╭─ Material shown

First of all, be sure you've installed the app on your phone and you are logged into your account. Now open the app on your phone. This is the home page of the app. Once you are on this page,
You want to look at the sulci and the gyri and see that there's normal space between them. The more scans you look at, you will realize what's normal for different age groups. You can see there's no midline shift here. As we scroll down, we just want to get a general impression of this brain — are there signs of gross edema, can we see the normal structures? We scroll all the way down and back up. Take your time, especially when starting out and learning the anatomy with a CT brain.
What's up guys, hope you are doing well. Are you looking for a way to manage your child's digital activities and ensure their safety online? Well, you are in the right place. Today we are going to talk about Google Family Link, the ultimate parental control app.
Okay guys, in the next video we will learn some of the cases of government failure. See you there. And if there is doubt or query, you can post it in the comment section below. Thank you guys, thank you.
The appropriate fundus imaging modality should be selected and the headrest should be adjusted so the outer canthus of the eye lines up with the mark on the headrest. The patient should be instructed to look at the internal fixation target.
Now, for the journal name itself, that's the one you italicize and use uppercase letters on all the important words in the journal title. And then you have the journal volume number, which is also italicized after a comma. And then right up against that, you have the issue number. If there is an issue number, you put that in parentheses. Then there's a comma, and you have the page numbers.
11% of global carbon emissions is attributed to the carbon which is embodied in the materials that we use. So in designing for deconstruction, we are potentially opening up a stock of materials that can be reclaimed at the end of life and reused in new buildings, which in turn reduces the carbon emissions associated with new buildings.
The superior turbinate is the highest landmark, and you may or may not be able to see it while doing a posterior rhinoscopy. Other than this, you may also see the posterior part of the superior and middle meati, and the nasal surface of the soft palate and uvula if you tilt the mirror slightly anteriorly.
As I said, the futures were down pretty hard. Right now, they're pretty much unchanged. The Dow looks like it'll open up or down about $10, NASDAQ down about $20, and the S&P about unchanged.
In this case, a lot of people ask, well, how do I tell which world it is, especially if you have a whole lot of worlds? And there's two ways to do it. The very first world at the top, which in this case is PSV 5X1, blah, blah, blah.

╰─

### What is needed:
Write out the material once more so that every line matches exactly.

### Your solution:
First of all, be sure you've installed the app on your phone and you are logged into your account. Now open the app on your phone. This is the home page of the app. Once you are on this page,
You want to look at the sulci and the gyri and see that there's normal space between them. The more scans you look at, you will realize what's normal for different age groups. You can see there's no midline shift here. As we scroll down, we just want to get a general impression of this brain — are there signs of gross edema, can we see the normal structures? We scroll all the way down and back up. Take your time, especially when starting out and learning the anatomy with a CT brain.
What's up guys, hope you are doing well. Are you looking for a way to manage your child's digital activities and ensure their safety online? Well, you are in the right place. Today we are going to talk about Google Family Link, the ultimate parental control app.
Okay guys, in the next video we will learn some of the cases of government failure. See you there. And if there is doubt or query, you can post it in the comment section below. Thank you guys, thank you.
The appropriate fundus imaging modality should be selected and the headrest should be adjusted so the outer canthus of the eye lines up with the mark on the headrest. The patient should be instructed to look at the internal fixation target.
Now, for the journal name itself, that's the one you italicize and use uppercase letters on all the important words in the journal title. And then you have the journal volume number, which is also italicized after a comma. And then right up against that, you have the issue number. If there is an issue number, you put that in parentheses. Then there's a comma, and you have the page numbers.
11% of global carbon emissions is attributed to the carbon which is embodied in the materials that we use. So in designing for deconstruction, we are potentially opening up a stock of materials that can be reclaimed at the end of life and reused in new buildings, which in turn reduces the carbon emissions associated with new buildings.
The superior turbinate is the highest landmark, and you may or may not be able to see it while doing a posterior rhinoscopy. Other than this, you may also see the posterior part of the superior and middle meati, and the nasal surface of the soft palate and uvula if you tilt the mirror slightly anteriorly.
As I said, the futures were down pretty hard. Right now, they're pretty much unchanged. The Dow looks like it'll open up or down about $10, NASDAQ down about $20, and the S&P about unchanged.
In this case, a lot of people ask, well, how do I tell which world it is, especially if you have a whole lot of worlds? And there's two ways to do it. The very first world at the top, which in this case is PSV 5X1, blah, blah, blah.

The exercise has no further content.